# DIY Tower speakers - Help Please



## gilbypoleadamson (Feb 8, 2007)

I'm looking to replace my old Polk audio monitor 10's from I don't know how long ago and I settled on making my own. I have little to know knowledge of how to make a speaker enclosure in terms of making it sound good but I have allot of experience in working with wood and making furniture and other things. What I am really looking for is help with any part of the process since I don't know anything about where to start. Looking to make two large, relatively simple tower speakers with one or more drivers.


----------



## Geoff St. Germain (Dec 18, 2006)

There's a lot of designs available on the net. IME, the most difficult part is building and finishing the cabinets when working with a completed design. What is your budget?


----------



## gilbypoleadamson (Feb 8, 2007)

Not exaclty sure, probably up to 400 excluding the wood for the speakers.


----------



## JCD (Apr 20, 2006)

I'd take a look at some of the designs at:

Zalytron
Madisound
Parts Express

Zalytron has the best prices and uses good drivers, terrible website and a "gruff" owner.
Madisound has a better variety of kits and uses good drivers
Parts Express probably has the most variety, but typically their drivers are more expensive compared to the other two and, based soley on someone else's opinion that I trust, their kits aren't up to the standards as those of Zalytron or Madisound.

I'd take a look at the descriptions and see if any catch your eye.

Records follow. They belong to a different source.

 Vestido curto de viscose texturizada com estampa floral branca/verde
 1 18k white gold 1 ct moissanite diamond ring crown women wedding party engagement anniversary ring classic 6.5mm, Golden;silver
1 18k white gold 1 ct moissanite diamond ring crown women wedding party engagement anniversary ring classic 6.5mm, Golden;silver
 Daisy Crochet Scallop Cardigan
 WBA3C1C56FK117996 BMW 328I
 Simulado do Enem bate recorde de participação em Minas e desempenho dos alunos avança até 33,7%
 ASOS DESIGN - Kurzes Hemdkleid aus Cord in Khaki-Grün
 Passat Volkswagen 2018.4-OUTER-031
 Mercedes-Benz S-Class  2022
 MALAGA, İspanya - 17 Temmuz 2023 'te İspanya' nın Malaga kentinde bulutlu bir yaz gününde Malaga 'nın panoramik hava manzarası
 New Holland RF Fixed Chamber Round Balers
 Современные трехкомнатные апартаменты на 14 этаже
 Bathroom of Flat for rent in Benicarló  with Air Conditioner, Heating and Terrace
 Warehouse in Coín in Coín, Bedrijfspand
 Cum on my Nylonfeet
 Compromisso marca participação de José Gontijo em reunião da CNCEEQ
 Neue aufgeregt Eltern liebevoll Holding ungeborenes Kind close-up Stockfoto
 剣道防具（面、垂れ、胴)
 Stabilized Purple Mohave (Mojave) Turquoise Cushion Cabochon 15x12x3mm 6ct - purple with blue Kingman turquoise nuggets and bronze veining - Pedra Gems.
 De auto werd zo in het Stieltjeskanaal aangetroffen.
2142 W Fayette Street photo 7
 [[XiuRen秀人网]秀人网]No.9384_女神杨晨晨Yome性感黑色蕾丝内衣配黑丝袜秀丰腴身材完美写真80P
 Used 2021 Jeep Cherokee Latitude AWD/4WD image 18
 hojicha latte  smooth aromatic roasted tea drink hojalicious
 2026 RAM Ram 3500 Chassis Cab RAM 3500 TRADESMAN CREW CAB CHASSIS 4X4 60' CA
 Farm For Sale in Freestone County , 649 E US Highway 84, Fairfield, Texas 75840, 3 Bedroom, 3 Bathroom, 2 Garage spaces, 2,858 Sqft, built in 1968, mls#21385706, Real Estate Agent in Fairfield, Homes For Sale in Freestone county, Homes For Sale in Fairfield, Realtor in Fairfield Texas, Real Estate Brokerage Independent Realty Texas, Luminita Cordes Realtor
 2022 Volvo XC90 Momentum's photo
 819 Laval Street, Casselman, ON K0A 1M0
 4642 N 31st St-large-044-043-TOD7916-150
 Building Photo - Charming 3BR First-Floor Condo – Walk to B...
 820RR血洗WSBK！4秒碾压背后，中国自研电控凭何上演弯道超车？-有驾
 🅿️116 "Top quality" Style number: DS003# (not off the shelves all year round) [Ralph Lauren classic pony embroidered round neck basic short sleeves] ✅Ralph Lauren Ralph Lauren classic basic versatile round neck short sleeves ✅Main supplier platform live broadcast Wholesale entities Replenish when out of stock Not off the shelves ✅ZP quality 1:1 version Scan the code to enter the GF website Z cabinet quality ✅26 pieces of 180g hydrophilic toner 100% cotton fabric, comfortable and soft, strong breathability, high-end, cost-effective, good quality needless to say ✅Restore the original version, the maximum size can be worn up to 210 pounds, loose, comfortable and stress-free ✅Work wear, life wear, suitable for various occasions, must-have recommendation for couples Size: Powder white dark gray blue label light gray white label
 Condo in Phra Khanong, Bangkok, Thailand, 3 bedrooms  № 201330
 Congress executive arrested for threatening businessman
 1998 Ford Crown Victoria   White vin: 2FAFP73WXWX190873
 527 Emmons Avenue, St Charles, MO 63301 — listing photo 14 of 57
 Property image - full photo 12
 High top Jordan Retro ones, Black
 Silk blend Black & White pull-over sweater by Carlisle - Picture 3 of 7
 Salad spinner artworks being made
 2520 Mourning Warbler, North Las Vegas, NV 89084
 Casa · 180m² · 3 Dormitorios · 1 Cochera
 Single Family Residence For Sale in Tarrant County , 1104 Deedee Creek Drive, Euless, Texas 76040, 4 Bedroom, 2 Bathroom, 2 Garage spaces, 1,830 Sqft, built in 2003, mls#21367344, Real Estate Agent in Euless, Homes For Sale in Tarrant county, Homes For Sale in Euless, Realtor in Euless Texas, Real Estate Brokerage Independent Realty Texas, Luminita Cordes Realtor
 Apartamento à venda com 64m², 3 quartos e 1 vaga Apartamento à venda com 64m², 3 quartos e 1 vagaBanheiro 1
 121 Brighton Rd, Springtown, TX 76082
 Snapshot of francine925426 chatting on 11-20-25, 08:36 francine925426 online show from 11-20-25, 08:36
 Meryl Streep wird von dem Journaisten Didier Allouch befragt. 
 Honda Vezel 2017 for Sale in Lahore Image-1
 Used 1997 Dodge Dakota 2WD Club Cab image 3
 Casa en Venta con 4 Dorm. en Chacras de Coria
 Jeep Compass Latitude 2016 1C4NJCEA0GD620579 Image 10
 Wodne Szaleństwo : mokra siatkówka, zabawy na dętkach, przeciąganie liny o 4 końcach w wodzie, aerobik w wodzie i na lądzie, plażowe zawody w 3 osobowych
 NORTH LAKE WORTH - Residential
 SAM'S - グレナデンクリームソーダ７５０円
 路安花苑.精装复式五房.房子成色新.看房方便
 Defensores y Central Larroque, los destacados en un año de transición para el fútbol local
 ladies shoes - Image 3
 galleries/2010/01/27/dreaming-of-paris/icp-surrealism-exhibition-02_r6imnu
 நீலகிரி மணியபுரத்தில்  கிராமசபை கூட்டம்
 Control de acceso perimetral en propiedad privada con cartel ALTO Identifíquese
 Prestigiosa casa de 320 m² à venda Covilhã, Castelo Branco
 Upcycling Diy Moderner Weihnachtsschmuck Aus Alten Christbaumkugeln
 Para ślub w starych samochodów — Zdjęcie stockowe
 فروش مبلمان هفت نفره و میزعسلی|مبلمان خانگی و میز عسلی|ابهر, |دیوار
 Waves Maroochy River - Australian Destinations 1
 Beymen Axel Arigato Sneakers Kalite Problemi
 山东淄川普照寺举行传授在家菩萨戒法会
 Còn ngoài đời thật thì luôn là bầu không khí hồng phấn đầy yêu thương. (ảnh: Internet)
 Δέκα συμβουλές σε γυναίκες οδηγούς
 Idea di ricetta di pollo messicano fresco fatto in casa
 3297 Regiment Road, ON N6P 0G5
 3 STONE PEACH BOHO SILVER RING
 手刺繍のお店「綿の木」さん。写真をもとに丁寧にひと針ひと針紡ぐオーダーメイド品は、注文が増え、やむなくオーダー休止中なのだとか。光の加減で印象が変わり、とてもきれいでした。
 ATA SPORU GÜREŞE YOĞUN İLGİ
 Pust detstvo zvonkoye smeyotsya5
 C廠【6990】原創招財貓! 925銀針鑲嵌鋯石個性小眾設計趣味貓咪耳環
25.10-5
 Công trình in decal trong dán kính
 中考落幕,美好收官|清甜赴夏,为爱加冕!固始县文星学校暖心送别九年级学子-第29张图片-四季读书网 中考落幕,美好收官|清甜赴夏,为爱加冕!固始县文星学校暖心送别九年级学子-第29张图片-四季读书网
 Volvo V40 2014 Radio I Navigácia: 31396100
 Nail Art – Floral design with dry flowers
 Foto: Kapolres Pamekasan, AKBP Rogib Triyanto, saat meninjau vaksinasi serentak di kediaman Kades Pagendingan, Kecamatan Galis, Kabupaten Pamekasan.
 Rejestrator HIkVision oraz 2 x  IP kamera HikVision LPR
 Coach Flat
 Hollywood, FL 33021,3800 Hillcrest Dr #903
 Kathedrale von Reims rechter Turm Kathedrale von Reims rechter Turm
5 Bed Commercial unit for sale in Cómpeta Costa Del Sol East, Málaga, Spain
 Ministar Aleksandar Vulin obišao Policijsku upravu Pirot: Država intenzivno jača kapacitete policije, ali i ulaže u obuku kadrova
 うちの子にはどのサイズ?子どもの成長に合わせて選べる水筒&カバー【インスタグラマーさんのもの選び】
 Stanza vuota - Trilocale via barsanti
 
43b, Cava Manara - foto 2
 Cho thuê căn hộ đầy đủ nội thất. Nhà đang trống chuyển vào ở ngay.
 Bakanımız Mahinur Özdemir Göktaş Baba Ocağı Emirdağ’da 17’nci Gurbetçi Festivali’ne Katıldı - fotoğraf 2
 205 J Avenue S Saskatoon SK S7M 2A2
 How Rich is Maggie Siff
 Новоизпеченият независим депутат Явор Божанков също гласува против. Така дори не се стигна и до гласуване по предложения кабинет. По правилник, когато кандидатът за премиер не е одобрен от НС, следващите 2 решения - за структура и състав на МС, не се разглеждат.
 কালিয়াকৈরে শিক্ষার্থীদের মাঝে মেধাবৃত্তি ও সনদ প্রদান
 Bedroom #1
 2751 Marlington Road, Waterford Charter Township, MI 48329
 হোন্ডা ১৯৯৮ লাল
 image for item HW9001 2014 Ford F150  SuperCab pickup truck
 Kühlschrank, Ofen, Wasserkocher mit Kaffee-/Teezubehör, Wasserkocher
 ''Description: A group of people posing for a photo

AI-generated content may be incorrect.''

Stuff to remember to buy when you the drivers as it may not be included in a kit (ask first of course):

Binding Posts
Feet
enclosure stuffing
Closed foam tape
Driver Screws -- much easier/cheaper to get them from these from one of the companies listed above.
Flared Ports -- gives better performance than non-flared

JCD


----------



## gilbypoleadamson (Feb 8, 2007)

I found these directions and i like the design and they seem simple enough. The one thing about it however is I would like it to be a two way system with a tweeter along with the woofer. Do these look like good designs and if so how hard would it be to modify them.


----------



## Geoff St. Germain (Dec 18, 2006)

That is a design using a single full range driver. If you want a two way speaker then I wouldn't use that driver as it is intended to work without a tweeter.


----------



## dlneubec (Oct 9, 2006)

Another very good source for top notch designs is here:

http://htguide.com/forum/forumdisplay.php4?f=39

Dan N.


----------



## jackfish (Dec 27, 2006)

If you are thinking of using a full ranger and want good sound and economy think about adapting the Quasi.Mo.D.O. with the Pioneer B20FU20-51FW (which is about $100 less than the Hemp driver) and a Motorola or CTS KSN-1005 with an L-pad. I built this loudspeaker, and when tuned to 35 Hz, modifications are made to the piezo, ala Godzilla, and phase plugs are added to the Pioneers, they offer an incredible sounding loudspeaker for the price.

http://www.melhuish.org/audio/DIYBX8.html


----------



## JCD (Apr 20, 2006)

I hgave no idea, but I've generally got a good impression about the Seas drivers, and Zaph Audio is definitely one of the more active DIYers out there.. maybe this one could fit the bill?

Seas Zaph Audio SR71 Kit - $330.68 for basic parts

JCD


----------